Rozdział 22

70 7 7
                                    

Niesprawdzony i krótki.

Heidi

Nie pamiętała o problemach. Przez chwilę znowu była wyłącznie młodą rekrutką o wielkich ambicjach i ciętym języku, marzącą o dniu swojego Chrztu. Ciężkie odgłosy bębnów drżące ziemią pod jej stopami, wybijały rytm w którym się poruszały. Powieki miała przymknięte, po raz pierwszy od dawna jej oczy nie wypatrywały nieustannie zagrożenia, a na ustach błąkał się ledwie widoczny uśmiech.

Tańczyła wokół ogniska z szeroko rozstawionymi ramionami. Jej ręce z gracją kreśliły łuki w przestrzeni, odwzorowując znane na pamięć kroki. Zgięte kolana i pochylona sylwetka ułatwiały jej wykonanie kolejnych obrotów, od których zaczynało już kręcić się jej w głowie. Nie należała do najwybitniejszych tancerek, jednak w tamtym momencie szum zatykający jej uszy szeptał jej, że nie ma to najmniejszego znaczenia.

Ona i tak ginęła w całym tłumie tańczących ciał, pulsujących w rytmie przyspieszającej muzyki. Jakby nie była pierworodną. Po raz pierwszy nie poczuła strachu ściskającego jej pierś na samą myśl o podobnej ewentualności. I po raz pierwszy nie miała z tego powodu żadnych wyrzutów sumienia. Kto jednak wiedział, czy była to sprawka krążącego w jej żyłach alkoholu, czy raczej jej własnej słabości? Zachichotała pod nosem, gdy takowe pytanie zaatakowało jej umysł, w gruncie rzeczy ciesząc się, że nie musi znać na nie odpowiedzi.

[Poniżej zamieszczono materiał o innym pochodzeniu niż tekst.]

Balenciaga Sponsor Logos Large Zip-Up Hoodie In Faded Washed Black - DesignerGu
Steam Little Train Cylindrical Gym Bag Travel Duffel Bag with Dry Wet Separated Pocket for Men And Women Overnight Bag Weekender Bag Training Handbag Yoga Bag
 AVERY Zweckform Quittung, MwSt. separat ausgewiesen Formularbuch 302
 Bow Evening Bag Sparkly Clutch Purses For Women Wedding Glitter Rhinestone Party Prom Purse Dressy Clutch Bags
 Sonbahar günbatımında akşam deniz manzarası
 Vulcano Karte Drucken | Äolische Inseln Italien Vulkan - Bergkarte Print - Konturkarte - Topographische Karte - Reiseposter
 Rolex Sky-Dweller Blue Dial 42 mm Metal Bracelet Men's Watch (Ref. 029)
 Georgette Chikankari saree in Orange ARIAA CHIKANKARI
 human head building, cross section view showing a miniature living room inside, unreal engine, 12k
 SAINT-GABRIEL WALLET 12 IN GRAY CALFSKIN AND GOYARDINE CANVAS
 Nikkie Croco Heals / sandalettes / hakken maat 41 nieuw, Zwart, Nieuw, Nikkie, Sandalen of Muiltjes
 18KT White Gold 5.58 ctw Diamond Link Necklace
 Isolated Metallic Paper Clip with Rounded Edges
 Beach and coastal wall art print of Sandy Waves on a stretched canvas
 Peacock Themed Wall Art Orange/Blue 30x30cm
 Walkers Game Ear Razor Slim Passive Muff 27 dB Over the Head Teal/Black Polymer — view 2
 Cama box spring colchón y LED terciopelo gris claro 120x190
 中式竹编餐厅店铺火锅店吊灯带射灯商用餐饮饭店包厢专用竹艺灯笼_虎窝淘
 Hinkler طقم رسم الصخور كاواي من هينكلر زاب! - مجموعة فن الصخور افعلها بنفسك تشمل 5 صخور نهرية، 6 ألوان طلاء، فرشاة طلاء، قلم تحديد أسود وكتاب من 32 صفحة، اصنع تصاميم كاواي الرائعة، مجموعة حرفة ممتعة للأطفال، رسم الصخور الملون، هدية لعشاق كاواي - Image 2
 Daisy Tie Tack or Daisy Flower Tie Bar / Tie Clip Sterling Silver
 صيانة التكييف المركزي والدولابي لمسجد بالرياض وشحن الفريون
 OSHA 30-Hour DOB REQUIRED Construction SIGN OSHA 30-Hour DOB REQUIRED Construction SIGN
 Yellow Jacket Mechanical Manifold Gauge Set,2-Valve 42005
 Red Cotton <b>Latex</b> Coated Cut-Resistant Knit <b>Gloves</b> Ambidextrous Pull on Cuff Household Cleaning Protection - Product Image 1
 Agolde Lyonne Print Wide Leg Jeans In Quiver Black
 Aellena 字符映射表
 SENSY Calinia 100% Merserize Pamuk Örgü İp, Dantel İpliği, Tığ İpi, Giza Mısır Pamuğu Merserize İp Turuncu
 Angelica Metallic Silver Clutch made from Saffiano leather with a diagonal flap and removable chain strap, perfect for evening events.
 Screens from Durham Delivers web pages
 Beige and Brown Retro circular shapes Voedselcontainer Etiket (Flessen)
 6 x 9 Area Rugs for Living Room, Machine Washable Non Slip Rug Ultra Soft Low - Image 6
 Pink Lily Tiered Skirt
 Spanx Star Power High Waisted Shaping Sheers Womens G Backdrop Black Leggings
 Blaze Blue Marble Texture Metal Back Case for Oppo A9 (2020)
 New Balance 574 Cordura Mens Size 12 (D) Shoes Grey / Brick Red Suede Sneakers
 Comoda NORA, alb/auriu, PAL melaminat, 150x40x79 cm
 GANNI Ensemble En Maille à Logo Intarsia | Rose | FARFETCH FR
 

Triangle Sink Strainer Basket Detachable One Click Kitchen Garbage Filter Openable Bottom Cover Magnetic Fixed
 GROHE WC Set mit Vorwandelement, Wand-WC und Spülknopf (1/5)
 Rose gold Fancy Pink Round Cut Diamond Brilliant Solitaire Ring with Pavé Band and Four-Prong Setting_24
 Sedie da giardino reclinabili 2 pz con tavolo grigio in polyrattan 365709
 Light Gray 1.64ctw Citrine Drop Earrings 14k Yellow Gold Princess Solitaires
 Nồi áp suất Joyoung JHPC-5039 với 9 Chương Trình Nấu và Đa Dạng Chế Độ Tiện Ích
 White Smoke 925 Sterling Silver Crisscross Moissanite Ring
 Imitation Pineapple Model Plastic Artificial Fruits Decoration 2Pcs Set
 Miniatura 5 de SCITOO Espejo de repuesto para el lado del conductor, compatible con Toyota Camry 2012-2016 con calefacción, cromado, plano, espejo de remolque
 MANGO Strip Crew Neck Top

Muzyka przyspieszała, a ona wraz z nią. Jej ruchy były ponętne a taniec dokładnie taki, jaki drakhanie lubili najbardziej – dziki, stanowczy, a w każdy ruch włożona była niezachwiana pewność i siła. Kobiety uwodziły mężczyzn, mężczyźni brali, co chcieli gdy tylko dostawali zielone światło. Heidi wiedziała, że nikt do niej nie podejdzie. Być może wypite trunki przyćmiły czujność mieszkańców Stavenger, jednak żaden z nich nie odważyłby się na takie ryzyko. Od zawsze było wiadome, że w niektórych sytuacjach bywała nieobliczalna.

Zapomniała jednakże o jednym wyjątku, którego twarde dłonie złapały pewnie jej biodra od tyłu i stanowczym gestem odwróciły w swoją stronę. Z początku zmarszczyła brwi w złości, jednak zaraz potem jej usta ponownie wygiął cwany półuśmiech, a oczy zamknęły się z przyjemności. Niskie, basowe tony bębnów zgrywały się z jej sercem, niemal zmuszały ciało do ruchu. Już nie potrafiła przestać, nie chciała. Jej oddech przyspieszył. Po chwili wypuszczała go już z uchylonych warg jako ciche westchnięcia.

Dreszcze przebiegły po jej ciele, gdy dźwięk bębnów wzmógł również intensywność jej ruchów. Ciepło męskiego ciała sprawiło, że zamruczała cicho z rozkoszy, przylegając śmiało jeszcze bliżej, wyginając się w jego ramionach. Ciepło jego oddechu owiewało jej policzki i szyję, na której złożył krótki, nieznaczący pocałunek.

Wymknęła się z objęć partnera, zamieniając z nim miejscami i zgodnie z układem przywierając do jego pleców. Ręce uniosła nad siebie i zsunęła się na dół niczym wąż, odczekała kilka uderzeń, po czym gwałtownie się wyprostowała. Sekwencja ruchów była jej znana od lat, dlatego bez trudu wykonywała ją nawet z przymkniętymi powiekami, które już po chwili zamknęła całkowicie. Nie zdążyła nabrać ponownie oddechu gdy silne ramiona przyciągnęły ją z powrotem do muskularne klatki piersiowej.

Ponownie uśmiechnęła się, usatysfakcjonowana, gdy poczuła jak mężczyzna okrąża jej ciało, co rusz muskając wierzchem dłoni jej biodra i ramiona. Każdy dźwięk czuła intensywniej, odnosiła wrażenie, jakby napełniał ją energią, która pulsowała w jej wnętrzu z każdym ruchem. Niemal była w stanie określić jej kolor i strukturę. Zapragnęła jej dotknąć, jednak gdy tylko wyciągnęła ręce, odnalazła nimi wyłącznie umięśnione ramiona okryte drakhańską skórznią.